Referencing William Bridges, as I did last week, came before this discovery and it surprised me that I had somehow forgotten about that session in Chicago. But in a flip through the pages it all came back to me, not just through reading the text in the slides but in my hand written notes of some of the notable verbal comments Bridges shared in his discussion, at the end of which in his slow reflective wording, you could hear a pin drop.
William Bridges, best known for his life model as outlined in Transitions: Making Sense of Life’s Changes (1980), presented a wonderful clear process of transition, which still holds up today – where we experience endings, move through a neutral zone and into new beginnings. This process occurs repeatedly throughout our life course and in the 2016 context of The 100-Year Life that Gratton and Scott discuss, there is a fourth dimension of “re-creation.”
Later life, what happens when you ripen?
Back to the buried treasure, what was Bridges saying in Chicago some twenty-five years after his book was published? He was 71 at the time, and I now reflect upon reading my notes, that he was remarking a fair amount about life’s journey from his vantage point in later life, with what I will now call approaching transitions with a thoughtful fortuity.
Paraphrasing his words, at one point Bridges said that – the way the world works, for people in later life who don’t find the meaningful place for loss, they are up a creek. He was on the topic of Tao philosophy at the time and then musingly said that the second half of life is about ripening, but some forces that contribute to ripening also contribute to rotting. Oh, what can happen in the neutral zones in later life? Flying the trapeze between the past and uncertainty.
Of the many things the neutral zone does for us, said Bridges: it provides a fallow time (ripen or rot) to enable a new season of growth; it shows the back of our life fabric, like the messy threads on the back of a tapestry. Bridges spoke about being ‘on the thread” of your life, which presupposes you have a keen sense of what your thread is, or as I often use the metaphor of “the river that runs through your life’.

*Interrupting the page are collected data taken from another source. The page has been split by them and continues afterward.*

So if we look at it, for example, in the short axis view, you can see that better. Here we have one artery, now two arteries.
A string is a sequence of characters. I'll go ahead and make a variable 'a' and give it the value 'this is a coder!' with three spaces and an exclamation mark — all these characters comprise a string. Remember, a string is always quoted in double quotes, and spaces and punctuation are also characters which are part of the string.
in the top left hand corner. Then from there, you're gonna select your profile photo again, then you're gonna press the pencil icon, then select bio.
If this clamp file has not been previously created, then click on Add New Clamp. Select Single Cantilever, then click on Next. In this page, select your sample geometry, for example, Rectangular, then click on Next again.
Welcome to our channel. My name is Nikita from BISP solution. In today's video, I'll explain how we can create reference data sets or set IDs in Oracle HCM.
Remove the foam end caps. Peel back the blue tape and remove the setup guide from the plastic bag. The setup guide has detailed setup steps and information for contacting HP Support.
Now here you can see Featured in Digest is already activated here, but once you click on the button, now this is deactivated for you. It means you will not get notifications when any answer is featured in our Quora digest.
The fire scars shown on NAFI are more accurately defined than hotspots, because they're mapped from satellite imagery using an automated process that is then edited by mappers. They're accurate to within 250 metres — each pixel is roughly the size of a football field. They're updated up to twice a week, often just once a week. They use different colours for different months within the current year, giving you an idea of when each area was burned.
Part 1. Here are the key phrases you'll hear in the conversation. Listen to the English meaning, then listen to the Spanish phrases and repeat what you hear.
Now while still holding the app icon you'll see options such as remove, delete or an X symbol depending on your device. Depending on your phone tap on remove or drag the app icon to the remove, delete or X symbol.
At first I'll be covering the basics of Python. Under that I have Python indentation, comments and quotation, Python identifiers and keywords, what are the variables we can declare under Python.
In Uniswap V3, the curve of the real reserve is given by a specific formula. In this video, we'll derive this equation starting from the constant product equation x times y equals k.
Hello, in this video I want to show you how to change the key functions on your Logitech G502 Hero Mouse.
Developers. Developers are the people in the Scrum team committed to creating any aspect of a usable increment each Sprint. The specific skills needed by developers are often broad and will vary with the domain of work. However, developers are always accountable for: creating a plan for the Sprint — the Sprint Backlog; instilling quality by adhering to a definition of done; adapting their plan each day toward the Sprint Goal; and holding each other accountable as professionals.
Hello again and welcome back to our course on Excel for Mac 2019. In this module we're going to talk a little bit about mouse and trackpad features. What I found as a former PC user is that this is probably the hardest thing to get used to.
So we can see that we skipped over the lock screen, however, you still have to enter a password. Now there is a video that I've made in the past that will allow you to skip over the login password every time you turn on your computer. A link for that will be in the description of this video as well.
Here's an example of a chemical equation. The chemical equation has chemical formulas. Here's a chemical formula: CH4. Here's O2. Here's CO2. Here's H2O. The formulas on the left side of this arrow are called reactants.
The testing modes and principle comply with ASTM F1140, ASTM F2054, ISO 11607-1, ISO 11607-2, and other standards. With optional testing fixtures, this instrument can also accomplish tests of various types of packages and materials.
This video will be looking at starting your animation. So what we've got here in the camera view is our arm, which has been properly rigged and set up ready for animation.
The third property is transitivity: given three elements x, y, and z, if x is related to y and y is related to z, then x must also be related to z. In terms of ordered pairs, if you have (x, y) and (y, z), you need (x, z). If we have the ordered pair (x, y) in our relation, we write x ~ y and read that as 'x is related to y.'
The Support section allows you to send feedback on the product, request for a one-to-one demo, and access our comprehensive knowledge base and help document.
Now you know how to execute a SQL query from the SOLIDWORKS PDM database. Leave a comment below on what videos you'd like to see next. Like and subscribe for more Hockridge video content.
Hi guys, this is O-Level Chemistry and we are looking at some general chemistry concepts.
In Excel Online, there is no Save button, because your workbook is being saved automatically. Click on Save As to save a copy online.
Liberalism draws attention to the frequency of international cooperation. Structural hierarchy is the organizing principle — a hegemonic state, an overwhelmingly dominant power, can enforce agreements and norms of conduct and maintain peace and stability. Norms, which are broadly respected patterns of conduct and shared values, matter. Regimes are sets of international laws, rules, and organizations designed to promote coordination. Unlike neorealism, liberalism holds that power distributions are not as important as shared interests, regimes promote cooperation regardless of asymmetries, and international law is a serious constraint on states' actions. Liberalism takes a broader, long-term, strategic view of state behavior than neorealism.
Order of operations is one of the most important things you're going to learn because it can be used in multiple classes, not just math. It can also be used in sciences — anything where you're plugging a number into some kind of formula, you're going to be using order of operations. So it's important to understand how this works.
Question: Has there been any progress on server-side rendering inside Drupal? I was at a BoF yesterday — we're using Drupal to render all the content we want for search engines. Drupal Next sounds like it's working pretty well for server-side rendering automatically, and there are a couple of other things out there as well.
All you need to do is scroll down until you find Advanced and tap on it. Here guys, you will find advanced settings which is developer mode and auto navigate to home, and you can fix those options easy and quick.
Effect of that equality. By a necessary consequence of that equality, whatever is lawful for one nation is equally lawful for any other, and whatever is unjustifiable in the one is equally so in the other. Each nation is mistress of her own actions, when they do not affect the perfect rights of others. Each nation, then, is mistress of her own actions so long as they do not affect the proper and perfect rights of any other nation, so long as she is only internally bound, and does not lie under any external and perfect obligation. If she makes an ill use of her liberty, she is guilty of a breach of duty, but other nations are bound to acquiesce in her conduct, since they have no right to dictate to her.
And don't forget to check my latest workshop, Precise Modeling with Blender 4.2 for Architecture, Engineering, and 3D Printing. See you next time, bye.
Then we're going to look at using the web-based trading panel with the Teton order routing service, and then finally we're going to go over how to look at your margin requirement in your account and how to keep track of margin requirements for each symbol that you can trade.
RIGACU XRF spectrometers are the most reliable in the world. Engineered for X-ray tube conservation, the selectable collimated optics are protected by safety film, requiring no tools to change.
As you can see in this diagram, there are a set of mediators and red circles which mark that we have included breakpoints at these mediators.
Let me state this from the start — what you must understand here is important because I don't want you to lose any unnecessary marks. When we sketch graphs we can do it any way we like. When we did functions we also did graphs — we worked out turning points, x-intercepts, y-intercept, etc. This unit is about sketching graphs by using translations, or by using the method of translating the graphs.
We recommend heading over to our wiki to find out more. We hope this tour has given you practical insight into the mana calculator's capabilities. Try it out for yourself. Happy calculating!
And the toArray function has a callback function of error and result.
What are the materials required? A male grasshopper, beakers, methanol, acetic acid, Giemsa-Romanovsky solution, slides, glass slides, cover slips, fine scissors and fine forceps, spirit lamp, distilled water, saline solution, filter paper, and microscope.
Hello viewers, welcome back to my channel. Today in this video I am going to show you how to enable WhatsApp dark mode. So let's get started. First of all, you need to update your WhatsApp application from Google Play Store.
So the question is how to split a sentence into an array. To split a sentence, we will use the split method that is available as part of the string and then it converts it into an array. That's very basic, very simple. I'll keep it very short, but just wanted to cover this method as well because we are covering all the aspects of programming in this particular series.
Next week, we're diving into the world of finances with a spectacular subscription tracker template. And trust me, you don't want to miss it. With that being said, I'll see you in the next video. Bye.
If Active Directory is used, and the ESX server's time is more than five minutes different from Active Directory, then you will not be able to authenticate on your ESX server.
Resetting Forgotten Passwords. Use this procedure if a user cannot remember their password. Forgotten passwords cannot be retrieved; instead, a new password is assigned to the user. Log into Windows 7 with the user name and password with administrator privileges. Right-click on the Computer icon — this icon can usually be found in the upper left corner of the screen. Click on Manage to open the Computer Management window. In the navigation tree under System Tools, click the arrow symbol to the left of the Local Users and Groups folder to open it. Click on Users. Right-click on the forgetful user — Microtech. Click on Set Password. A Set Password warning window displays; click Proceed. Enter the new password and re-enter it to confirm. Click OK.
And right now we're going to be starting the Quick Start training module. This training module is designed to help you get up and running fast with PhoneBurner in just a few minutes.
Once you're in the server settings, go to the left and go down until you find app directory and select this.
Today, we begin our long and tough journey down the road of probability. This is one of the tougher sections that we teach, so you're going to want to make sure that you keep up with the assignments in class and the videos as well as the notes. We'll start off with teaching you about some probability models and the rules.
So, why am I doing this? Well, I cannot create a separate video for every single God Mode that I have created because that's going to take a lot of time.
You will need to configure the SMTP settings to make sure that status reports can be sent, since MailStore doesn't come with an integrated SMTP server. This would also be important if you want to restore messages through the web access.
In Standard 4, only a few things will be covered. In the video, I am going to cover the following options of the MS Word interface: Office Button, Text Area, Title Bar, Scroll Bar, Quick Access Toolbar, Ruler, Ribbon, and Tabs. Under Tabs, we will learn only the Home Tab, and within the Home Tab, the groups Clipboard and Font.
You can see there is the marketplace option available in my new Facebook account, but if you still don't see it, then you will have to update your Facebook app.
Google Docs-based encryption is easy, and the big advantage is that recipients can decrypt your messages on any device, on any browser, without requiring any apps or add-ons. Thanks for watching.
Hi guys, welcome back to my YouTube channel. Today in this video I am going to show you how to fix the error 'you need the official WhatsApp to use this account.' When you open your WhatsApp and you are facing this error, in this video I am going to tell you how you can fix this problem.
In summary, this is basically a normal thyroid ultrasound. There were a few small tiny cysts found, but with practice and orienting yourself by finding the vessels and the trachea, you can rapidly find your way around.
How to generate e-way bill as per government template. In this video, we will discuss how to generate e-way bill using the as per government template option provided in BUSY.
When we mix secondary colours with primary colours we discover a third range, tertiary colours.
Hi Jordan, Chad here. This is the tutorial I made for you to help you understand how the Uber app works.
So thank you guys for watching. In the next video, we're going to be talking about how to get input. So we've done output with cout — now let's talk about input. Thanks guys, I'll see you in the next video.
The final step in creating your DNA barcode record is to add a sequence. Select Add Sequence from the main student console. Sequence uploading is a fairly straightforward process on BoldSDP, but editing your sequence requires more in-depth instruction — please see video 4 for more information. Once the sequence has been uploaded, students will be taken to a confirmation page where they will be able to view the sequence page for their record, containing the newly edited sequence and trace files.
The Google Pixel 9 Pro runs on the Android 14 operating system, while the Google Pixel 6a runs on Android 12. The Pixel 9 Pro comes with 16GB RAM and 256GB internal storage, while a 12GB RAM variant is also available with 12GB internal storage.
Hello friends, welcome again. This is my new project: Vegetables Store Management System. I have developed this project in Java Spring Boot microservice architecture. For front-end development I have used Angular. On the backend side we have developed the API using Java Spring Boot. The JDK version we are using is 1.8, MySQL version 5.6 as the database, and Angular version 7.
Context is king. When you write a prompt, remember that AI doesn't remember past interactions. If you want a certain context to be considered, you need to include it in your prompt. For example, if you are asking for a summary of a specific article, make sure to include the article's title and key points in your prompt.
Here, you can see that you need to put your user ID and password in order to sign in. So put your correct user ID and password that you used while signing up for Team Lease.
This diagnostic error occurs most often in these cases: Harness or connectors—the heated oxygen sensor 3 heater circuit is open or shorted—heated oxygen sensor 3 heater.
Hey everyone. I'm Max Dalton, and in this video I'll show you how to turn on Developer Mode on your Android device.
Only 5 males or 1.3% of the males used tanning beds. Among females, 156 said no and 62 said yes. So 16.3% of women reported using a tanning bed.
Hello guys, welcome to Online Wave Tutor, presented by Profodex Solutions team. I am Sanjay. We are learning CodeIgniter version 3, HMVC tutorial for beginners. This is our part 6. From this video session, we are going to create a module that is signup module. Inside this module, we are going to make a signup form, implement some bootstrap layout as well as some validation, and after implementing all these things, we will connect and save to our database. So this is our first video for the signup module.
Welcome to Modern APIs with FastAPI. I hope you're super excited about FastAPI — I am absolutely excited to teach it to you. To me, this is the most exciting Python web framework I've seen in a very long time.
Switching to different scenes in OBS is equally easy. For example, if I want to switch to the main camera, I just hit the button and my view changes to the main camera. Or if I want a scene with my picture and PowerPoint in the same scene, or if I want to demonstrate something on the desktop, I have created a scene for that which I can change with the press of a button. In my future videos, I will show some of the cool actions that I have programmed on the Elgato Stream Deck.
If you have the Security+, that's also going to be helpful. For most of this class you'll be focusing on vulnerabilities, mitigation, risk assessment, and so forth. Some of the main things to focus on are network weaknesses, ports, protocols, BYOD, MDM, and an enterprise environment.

We have been for a decade and longer, in a time when so many people have been transfixed on the question of how we are going to, individually and collectively, manage the prospects and uncertainty of aging and a longevity society. My refiled library proves it. The uplift from William Bridges, who passed away in 2013 by the way, is his insight that “uncertainty is a fluid state that allows for openings”.
This was the thing as I moved though the slides; this masterful presentation had ripened more today after twelve years in the vault. The promise of longevity is an opening. It was meant to be that I elected to take a day to clean out my office.